2.5. Identification of Differentially Expressed Metabolites

To investigate the molecular mechanisms underlying the physiological effects of AEE under HSD conditions, we used an untargeted metabolomics approach to identify and compare the metabolites in liver samples from the ND, HD, and HD-AEE groups at 28, 35, and 42 days of age (Figure 3). Based on univariate statistical analyses, differential analysis of all detected metabolites (including unidentified metabolites) was performed by MS/MS in both positive- and negative-ion modes. Metabolites were visualized as volcano plots, with significantly up-regulated metabolites (FC > 2, p < 0.05) shown in red and significantly down-regulated metabolites (FC < 0.5, p < 0.05) represented in blue. Orthogonal projections to latent structures discriminant analysis (OPLS-DA) is a supervised model that can better assess the differences between two groups, improving the effectiveness and resolution of the model. A clear separation between groups was observed in the OPLS-DA score plots (Figure 4A–F), indicating good discrimination and within-group correlation among the liver samples. The total number of differential metabolites in each comparison group at 28, 35, and 42 days was determined by the criteria of OPLS-DA VIP > 1 and p < 0.05 (Figure 4G). At these days, 40, 64, and 27 metabolites were distinguished between the ND and HD groups, while 19, 41, and 17 metabolites differed between the HD and HD-AEE groups. Figure S1 shows the heatmap of cluster analysis for different metabolites in samples of different age groups, clearly showing the relative abundance of metabolites between groups.

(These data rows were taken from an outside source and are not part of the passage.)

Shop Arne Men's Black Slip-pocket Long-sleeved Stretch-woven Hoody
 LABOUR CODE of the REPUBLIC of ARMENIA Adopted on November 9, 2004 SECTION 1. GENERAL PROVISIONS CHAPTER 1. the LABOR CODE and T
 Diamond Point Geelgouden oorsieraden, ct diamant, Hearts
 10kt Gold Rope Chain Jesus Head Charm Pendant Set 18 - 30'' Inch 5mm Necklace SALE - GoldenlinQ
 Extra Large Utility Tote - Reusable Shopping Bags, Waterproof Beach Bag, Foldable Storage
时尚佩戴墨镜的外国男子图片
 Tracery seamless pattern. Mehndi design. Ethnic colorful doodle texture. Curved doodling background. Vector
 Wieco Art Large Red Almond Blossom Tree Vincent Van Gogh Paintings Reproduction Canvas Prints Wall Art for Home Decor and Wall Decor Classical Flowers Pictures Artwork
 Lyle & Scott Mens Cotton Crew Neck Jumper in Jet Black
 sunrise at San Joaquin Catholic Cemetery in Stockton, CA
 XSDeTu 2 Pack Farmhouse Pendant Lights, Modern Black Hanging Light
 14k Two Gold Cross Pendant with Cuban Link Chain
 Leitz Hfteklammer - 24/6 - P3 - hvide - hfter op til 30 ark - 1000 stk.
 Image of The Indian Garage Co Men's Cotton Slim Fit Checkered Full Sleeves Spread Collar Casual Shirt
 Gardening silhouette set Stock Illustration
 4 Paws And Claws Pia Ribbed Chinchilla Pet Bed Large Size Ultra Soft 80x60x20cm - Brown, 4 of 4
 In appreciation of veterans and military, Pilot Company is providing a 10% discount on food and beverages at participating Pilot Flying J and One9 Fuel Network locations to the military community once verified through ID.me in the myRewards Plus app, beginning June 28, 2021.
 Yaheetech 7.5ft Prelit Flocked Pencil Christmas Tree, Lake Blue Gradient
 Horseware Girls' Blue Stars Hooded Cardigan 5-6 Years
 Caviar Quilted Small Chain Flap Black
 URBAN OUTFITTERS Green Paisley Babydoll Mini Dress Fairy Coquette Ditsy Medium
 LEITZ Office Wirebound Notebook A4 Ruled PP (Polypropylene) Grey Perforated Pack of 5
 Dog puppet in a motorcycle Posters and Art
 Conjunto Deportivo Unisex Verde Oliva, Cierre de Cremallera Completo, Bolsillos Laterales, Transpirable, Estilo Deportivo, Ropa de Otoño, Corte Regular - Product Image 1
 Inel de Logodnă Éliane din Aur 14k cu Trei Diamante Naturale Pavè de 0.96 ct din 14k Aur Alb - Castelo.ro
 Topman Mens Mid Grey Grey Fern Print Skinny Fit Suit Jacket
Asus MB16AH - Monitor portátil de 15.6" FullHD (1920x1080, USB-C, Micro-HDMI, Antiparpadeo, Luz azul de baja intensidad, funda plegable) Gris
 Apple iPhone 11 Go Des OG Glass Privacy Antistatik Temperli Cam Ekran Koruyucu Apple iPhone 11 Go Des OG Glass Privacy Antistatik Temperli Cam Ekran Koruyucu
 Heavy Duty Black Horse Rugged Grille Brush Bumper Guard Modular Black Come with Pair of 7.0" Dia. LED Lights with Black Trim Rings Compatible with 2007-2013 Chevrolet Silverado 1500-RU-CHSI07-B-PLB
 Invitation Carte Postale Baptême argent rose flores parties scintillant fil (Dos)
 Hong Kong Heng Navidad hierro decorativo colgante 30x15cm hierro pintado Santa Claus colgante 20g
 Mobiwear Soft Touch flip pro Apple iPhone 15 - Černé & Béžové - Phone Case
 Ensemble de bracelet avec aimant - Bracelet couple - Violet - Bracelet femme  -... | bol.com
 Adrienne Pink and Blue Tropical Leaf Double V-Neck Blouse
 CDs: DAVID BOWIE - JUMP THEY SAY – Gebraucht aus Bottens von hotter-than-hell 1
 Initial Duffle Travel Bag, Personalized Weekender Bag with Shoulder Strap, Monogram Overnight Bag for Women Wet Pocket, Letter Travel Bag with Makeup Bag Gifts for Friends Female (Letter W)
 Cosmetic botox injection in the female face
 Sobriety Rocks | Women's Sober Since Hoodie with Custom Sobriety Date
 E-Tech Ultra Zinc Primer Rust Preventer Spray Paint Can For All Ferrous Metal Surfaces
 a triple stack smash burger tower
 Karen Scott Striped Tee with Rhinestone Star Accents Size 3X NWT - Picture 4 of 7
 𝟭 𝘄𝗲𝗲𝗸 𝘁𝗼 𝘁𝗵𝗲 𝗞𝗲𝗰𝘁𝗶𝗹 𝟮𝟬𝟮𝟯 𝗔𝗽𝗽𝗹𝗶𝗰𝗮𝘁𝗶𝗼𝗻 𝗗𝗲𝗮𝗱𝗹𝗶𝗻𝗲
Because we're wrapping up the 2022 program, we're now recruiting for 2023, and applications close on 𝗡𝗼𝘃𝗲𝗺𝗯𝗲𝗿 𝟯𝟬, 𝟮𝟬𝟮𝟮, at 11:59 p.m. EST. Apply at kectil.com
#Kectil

2.6. Pathway Analysis of Differential Metabolites

After 28, 35, and 42 days, a KEGG enrichment analysis of the differential metabolites was performed in the livers of broilers of the ND and HD groups (Figure 5A–C). Linoleic acid metabolism, amino acid biosynthesis, glutathione metabolism, oxidative phosphorylation, and glycine, serine, and threonine metabolism were highlighted as critical metabolic pathways after 28 days. Likewise, linoleic acid metabolism, arachidonic acid metabolism, amino acid biosynthesis, lysine degradation, and phenylalanine, tyrosine, and tryptophan biosynthesis were highlighted as crucial metabolic pathways after 35 days. Lastly, oxidative phosphorylation, amino acid biosynthesis, linoleic acid metabolism, and pentose phosphate pathway were highlighted as crucial pathways after 42 days. KEGG enrichment analysis of the differential metabolites in liver samples from the HD vs. HD-AEE groups, highlighted the pentose phosphate pathway, cysteine and methionine metabolism, oxidative phosphorylation, and linoleic acid metabolism as crucial pathways after 28 days (Figure 5D–F). After 35 days, the major metabolic pathways included oxidative phosphorylation, pentose phosphate, amino acid biosynthesis, fatty acid catabolism, and linoleic acid metabolism. After 42 days, the primary metabolic pathways included amino acid biosynthesis, cysteine and methionine metabolism, carbon metabolism, and linoleic acid metabolism. The characteristic types of differential metabolites in the various metabolic pathways are listed in Table 3 and Table 4.

3. Discussion

High stocking density (HSD), as a multifaceted stress factor, significantly affects the health and productivity of broilers and represents a major challenge for the development of the poultry industry [22,23]. Currently, there is a lack of effective management strategies for HSD stress in the market. Given this situation, AEE has attracted the attention of researchers due to its anti-inflammatory activity, antioxidant effectiveness and ability to positively regulate metabolism. After a comprehensive evaluation of its pharmacodynamics, pharmacokinetics, and toxicology, AEE was confirmed to be safe for widespread use in poultry production [24,25,26]. Since there are no successful studies on its potential hepatoprotective effects against HSD-induced liver injury in broilers, this study aims to evaluate and elucidate the effects of AEE on oxidative damage, inflammation, and energy metabolism in the livers of broiler chickens under HSD stress.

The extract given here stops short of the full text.